*INPUT MATERIAL:*
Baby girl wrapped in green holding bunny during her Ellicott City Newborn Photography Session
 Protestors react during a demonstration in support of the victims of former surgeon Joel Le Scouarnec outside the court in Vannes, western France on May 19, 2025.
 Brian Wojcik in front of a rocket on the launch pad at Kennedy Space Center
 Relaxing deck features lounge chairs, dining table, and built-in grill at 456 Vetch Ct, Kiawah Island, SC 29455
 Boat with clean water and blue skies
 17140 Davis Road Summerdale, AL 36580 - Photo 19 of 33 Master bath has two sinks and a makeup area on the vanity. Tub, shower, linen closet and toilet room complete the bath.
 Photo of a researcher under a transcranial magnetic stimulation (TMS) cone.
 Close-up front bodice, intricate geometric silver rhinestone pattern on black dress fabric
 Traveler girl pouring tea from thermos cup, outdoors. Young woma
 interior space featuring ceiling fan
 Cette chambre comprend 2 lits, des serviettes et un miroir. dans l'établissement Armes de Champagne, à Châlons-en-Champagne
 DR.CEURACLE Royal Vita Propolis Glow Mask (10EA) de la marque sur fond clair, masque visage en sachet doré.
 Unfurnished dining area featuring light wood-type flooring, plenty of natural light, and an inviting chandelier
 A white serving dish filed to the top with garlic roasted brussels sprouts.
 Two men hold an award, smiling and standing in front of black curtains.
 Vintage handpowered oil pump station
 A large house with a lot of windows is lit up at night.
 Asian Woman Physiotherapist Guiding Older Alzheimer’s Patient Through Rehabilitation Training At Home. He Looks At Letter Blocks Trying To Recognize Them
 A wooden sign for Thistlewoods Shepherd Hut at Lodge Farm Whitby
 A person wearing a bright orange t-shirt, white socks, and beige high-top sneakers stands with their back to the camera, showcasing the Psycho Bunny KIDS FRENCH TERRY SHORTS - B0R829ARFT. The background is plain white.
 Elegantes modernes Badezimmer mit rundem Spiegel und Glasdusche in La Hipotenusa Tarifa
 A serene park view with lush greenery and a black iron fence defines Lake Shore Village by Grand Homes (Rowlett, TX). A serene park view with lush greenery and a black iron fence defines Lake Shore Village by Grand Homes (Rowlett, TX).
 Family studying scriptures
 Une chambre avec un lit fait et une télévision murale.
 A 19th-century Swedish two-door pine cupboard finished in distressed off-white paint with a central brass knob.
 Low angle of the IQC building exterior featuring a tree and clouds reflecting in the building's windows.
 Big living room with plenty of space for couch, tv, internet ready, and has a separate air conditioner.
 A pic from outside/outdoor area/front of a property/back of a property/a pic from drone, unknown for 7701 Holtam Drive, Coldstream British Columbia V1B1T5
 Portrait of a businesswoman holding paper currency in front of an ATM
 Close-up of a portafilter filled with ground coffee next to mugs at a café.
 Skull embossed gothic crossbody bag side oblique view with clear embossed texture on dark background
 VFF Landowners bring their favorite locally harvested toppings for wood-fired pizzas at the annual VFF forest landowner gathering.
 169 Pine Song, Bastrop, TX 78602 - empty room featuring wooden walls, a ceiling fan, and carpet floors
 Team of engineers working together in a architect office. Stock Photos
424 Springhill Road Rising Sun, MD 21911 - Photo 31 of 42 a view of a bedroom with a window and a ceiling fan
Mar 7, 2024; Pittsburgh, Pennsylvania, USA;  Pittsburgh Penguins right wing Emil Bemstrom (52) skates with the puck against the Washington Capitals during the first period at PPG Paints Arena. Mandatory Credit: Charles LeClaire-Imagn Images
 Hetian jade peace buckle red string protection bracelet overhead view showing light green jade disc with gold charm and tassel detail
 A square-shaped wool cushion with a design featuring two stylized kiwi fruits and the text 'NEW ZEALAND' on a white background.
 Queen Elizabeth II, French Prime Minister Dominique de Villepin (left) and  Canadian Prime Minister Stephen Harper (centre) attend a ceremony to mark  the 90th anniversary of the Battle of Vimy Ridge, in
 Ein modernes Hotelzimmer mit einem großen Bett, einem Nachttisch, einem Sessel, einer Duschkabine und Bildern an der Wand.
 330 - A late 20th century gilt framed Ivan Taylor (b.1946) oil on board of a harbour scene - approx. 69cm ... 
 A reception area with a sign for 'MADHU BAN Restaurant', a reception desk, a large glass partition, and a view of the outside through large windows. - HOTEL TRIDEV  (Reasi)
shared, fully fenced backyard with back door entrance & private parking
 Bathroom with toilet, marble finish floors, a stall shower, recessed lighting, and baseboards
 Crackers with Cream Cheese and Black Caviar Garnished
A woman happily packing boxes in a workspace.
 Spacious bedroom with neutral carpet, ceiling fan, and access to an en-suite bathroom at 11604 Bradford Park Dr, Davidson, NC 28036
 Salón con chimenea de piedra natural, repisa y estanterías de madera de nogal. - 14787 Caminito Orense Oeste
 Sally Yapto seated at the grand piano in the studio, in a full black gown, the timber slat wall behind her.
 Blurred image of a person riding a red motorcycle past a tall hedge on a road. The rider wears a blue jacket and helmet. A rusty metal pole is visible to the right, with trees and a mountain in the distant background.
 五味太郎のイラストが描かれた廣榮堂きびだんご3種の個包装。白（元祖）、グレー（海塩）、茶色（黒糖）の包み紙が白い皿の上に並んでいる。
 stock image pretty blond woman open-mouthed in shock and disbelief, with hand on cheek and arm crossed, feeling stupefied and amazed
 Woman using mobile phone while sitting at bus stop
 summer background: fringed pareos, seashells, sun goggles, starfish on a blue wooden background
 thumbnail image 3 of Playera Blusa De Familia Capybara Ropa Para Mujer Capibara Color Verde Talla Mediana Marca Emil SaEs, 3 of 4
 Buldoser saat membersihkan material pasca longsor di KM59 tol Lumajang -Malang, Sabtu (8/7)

*TASK TO COMPLETE:* The full set of entries above needs to be restated word for word.

*OUTPUT BELOW:*
Baby girl wrapped in green holding bunny during her Ellicott City Newborn Photography Session
 Protestors react during a demonstration in support of the victims of former surgeon Joel Le Scouarnec outside the court in Vannes, western France on May 19, 2025.
 Brian Wojcik in front of a rocket on the launch pad at Kennedy Space Center
 Relaxing deck features lounge chairs, dining table, and built-in grill at 456 Vetch Ct, Kiawah Island, SC 29455
 Boat with clean water and blue skies
 17140 Davis Road Summerdale, AL 36580 - Photo 19 of 33 Master bath has two sinks and a makeup area on the vanity. Tub, shower, linen closet and toilet room complete the bath.
 Photo of a researcher under a transcranial magnetic stimulation (TMS) cone.
 Close-up front bodice, intricate geometric silver rhinestone pattern on black dress fabric
 Traveler girl pouring tea from thermos cup, outdoors. Young woma
 interior space featuring ceiling fan
 Cette chambre comprend 2 lits, des serviettes et un miroir. dans l'établissement Armes de Champagne, à Châlons-en-Champagne
 DR.CEURACLE Royal Vita Propolis Glow Mask (10EA) de la marque sur fond clair, masque visage en sachet doré.
 Unfurnished dining area featuring light wood-type flooring, plenty of natural light, and an inviting chandelier
 A white serving dish filed to the top with garlic roasted brussels sprouts.
 Two men hold an award, smiling and standing in front of black curtains.
 Vintage handpowered oil pump station
 A large house with a lot of windows is lit up at night.
 Asian Woman Physiotherapist Guiding Older Alzheimer’s Patient Through Rehabilitation Training At Home. He Looks At Letter Blocks Trying To Recognize Them
 A wooden sign for Thistlewoods Shepherd Hut at Lodge Farm Whitby
 A person wearing a bright orange t-shirt, white socks, and beige high-top sneakers stands with their back to the camera, showcasing the Psycho Bunny KIDS FRENCH TERRY SHORTS - B0R829ARFT. The background is plain white.
 Elegantes modernes Badezimmer mit rundem Spiegel und Glasdusche in La Hipotenusa Tarifa
 A serene park view with lush greenery and a black iron fence defines Lake Shore Village by Grand Homes (Rowlett, TX). A serene park view with lush greenery and a black iron fence defines Lake Shore Village by Grand Homes (Rowlett, TX).
 Family studying scriptures
 Une chambre avec un lit fait et une télévision murale.
 A 19th-century Swedish two-door pine cupboard finished in distressed off-white paint with a central brass knob.
 Low angle of the IQC building exterior featuring a tree and clouds reflecting in the building's windows.
 Big living room with plenty of space for couch, tv, internet ready, and has a separate air conditioner.
 A pic from outside/outdoor area/front of a property/back of a property/a pic from drone, unknown for 7701 Holtam Drive, Coldstream British Columbia V1B1T5
 Portrait of a businesswoman holding paper currency in front of an ATM
 Close-up of a portafilter filled with ground coffee next to mugs at a café.
 Skull embossed gothic crossbody bag side oblique view with clear embossed texture on dark background
 VFF Landowners bring their favorite locally harvested toppings for wood-fired pizzas at the annual VFF forest landowner gathering.
 169 Pine Song, Bastrop, TX 78602 - empty room featuring wooden walls, a ceiling fan, and carpet floors
 Team of engineers working together in a architect office. Stock Photos
424 Springhill Road Rising Sun, MD 21911 - Photo 31 of 42 a view of a bedroom with a window and a ceiling fan
Mar 7, 2024; Pittsburgh, Pennsylvania, USA;  Pittsburgh Penguins right wing Emil Bemstrom (52) skates with the puck against the Washington Capitals during the first period at PPG Paints Arena. Mandatory Credit: Charles LeClaire-Imagn Images
 Hetian jade peace buckle red string protection bracelet overhead view showing light green jade disc with gold charm and tassel detail
 A square-shaped wool cushion with a design featuring two stylized kiwi fruits and the text 'NEW ZEALAND' on a white background.
 Queen Elizabeth II, French Prime Minister Dominique de Villepin (left) and  Canadian Prime Minister Stephen Harper (centre) attend a ceremony to mark  the 90th anniversary of the Battle of Vimy Ridge, in
 Ein modernes Hotelzimmer mit einem großen Bett, einem Nachttisch, einem Sessel, einer Duschkabine und Bildern an der Wand.
 330 - A late 20th century gilt framed Ivan Taylor (b.1946) oil on board of a harbour scene - approx. 69cm ... 
 A reception area with a sign for 'MADHU BAN Restaurant', a reception desk, a large glass partition, and a view of the outside through large windows. - HOTEL TRIDEV  (Reasi)
shared, fully fenced backyard with back door entrance & private parking
 Bathroom with toilet, marble finish floors, a stall shower, recessed lighting, and baseboards
 Crackers with Cream Cheese and Black Caviar Garnished
A woman happily packing boxes in a workspace.
 Spacious bedroom with neutral carpet, ceiling fan, and access to an en-suite bathroom at 11604 Bradford Park Dr, Davidson, NC 28036
 Salón con chimenea de piedra natural, repisa y estanterías de madera de nogal. - 14787 Caminito Orense Oeste
 Sally Yapto seated at the grand piano in the studio, in a full black gown, the timber slat wall behind her.
 Blurred image of a person riding a red motorcycle past a tall hedge on a road. The rider wears a blue jacket and helmet. A rusty metal pole is visible to the right, with trees and a mountain in the distant background.
 五味太郎のイラストが描かれた廣榮堂きびだんご3種の個包装。白（元祖）、グレー（海塩）、茶色（黒糖）の包み紙が白い皿の上に並んでいる。
 stock image pretty blond woman open-mouthed in shock and disbelief, with hand on cheek and arm crossed, feeling stupefied and amazed
 Woman using mobile phone while sitting at bus stop
 summer background: fringed pareos, seashells, sun goggles, starfish on a blue wooden background
 thumbnail image 3 of Playera Blusa De Familia Capybara Ropa Para Mujer Capibara Color Verde Talla Mediana Marca Emil SaEs, 3 of 4
 Buldoser saat membersihkan material pasca longsor di KM59 tol Lumajang -Malang, Sabtu (8/7)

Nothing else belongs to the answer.